> **TRY IT**: Give the records again exactly as written. Leave out the pictures.

------------------------------------------------

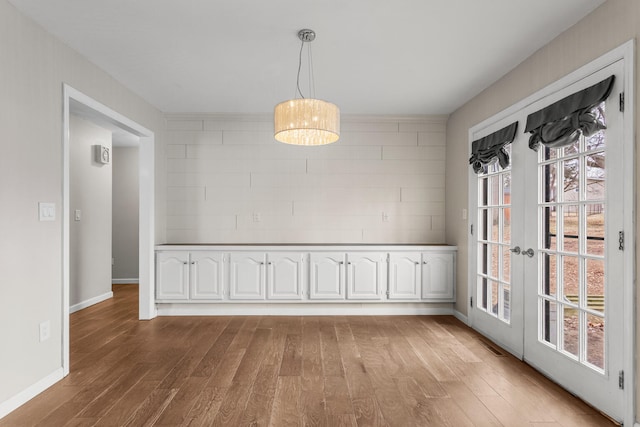 unfurnished dining area featuring light wood-style floors, visible vents, baseboards, and french doors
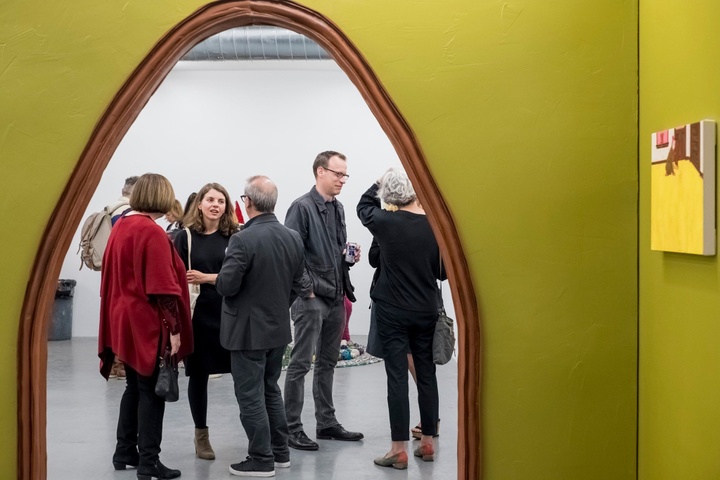 3D sculpture featuring two chartreuse walls; the right wall has a small artwork hung on it, while the back wall has an archway cut out, with people in view through it.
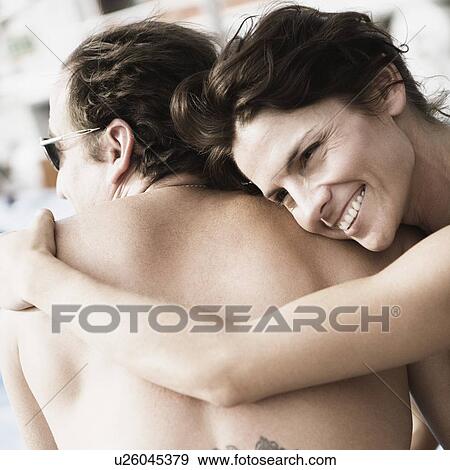 Close-up of a mid adult woman snuggling on a mid adult man and smiling View Large Photo Image Stock Photo - Close-up of a mid adult woman snuggling on a mid adult man and smiling. Fotosearch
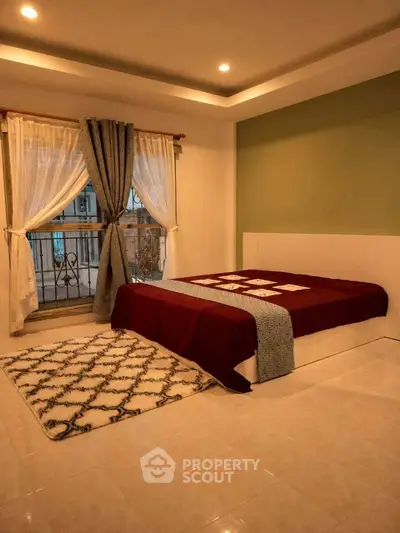 Cozy bedroom with elegant decor and large window offering natural light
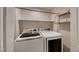 Modern laundry room featuring a front loading washer and dryer with shelf and clothes hanging bar above at 4044 Villeroy Ave, Las Vegas, NV 89141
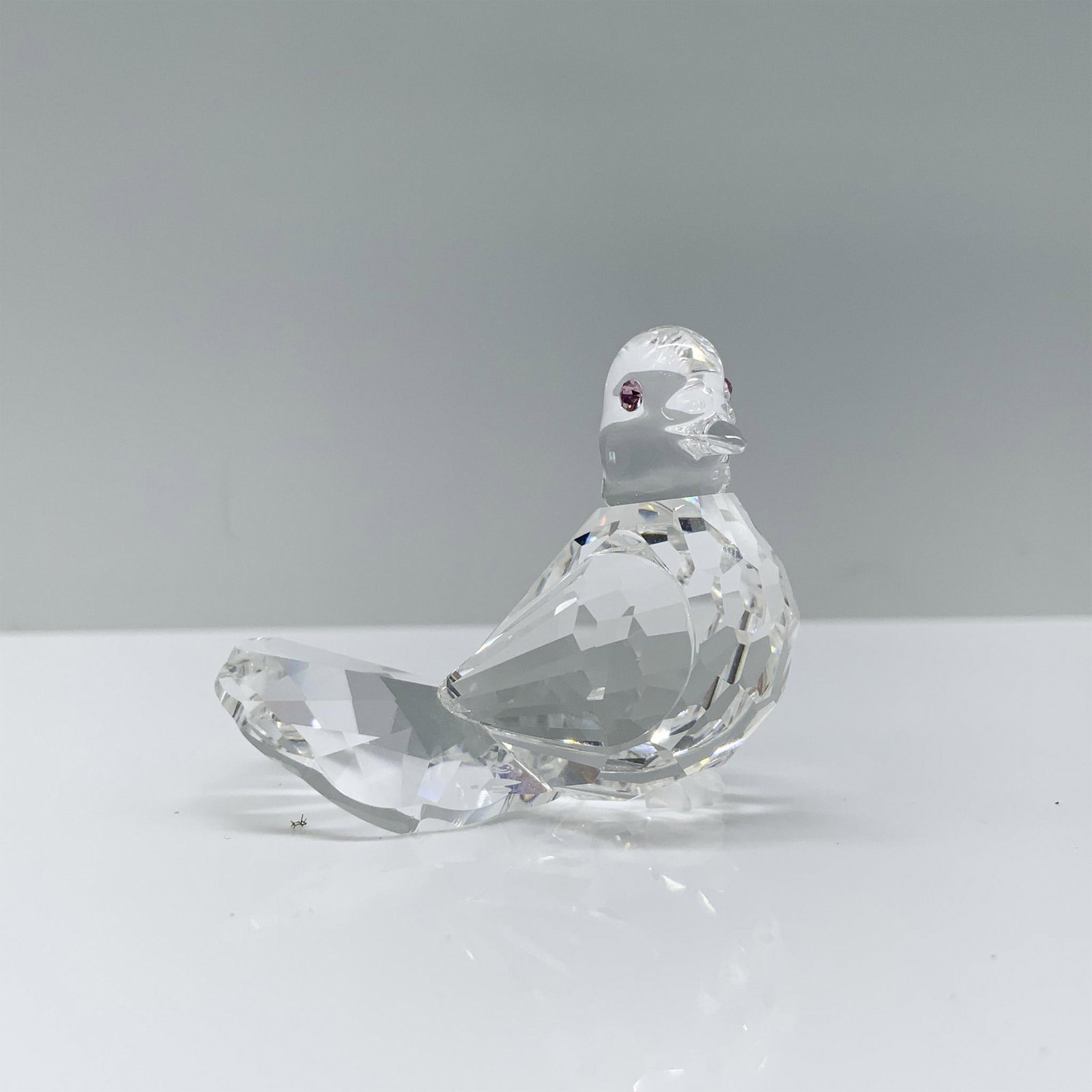 Swarovski Crystal Figurine, Dove 191696: A stunning clear crystal figurine of a dove in a seated position decorated with pink crystal eyes. Swarovski backstamp. This item has its original box. Dimensions of the box: 2.25"H x 3.25" dia. Artis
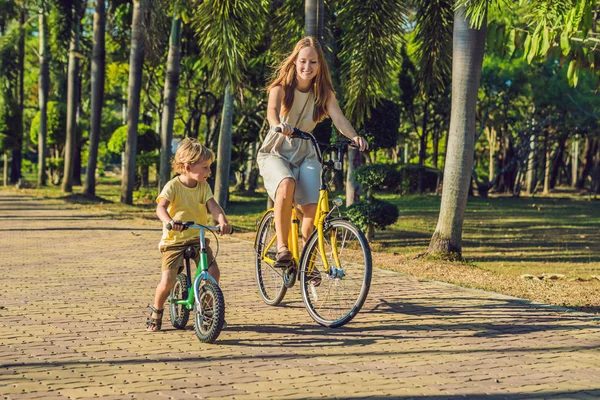 Família feliz está andando de bicicleta ao ar livre e sorrindo. Mãe em uma bicicleta e filho em um balancebike — Fotografia de Stock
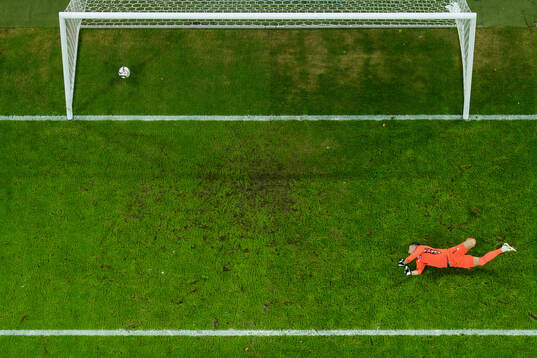 Goalkeeper Martin Dubravka of Slovakia lets in the 1-0 goal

------------------------------------------------

> **TASK OUTPUT**:
 unfurnished dining area featuring light wood-style floors, visible vents, baseboards, and french doors
 3D sculpture featuring two chartreuse walls; the right wall has a small artwork hung on it, while the back wall has an archway cut out, with people in view through it.
 Close-up of a mid adult woman snuggling on a mid adult man and smiling View Large Photo Image Stock Photo - Close-up of a mid adult woman snuggling on a mid adult man and smiling. Fotosearch
 Cozy bedroom with elegant decor and large window offering natural light
 Modern laundry room featuring a front loading washer and dryer with shelf and clothes hanging bar above at 4044 Villeroy Ave, Las Vegas, NV 89141
 Swarovski Crystal Figurine, Dove 191696: A stunning clear crystal figurine of a dove in a seated position decorated with pink crystal eyes. Swarovski backstamp. This item has its original box. Dimensions of the box: 2.25"H x 3.25" dia. Artis
 Família feliz está andando de bicicleta ao ar livre e sorrindo. Mãe em uma bicicleta e filho em um balancebike — Fotografia de Stock
 Goalkeeper Martin Dubravka of Slovakia lets in the 1-0 goal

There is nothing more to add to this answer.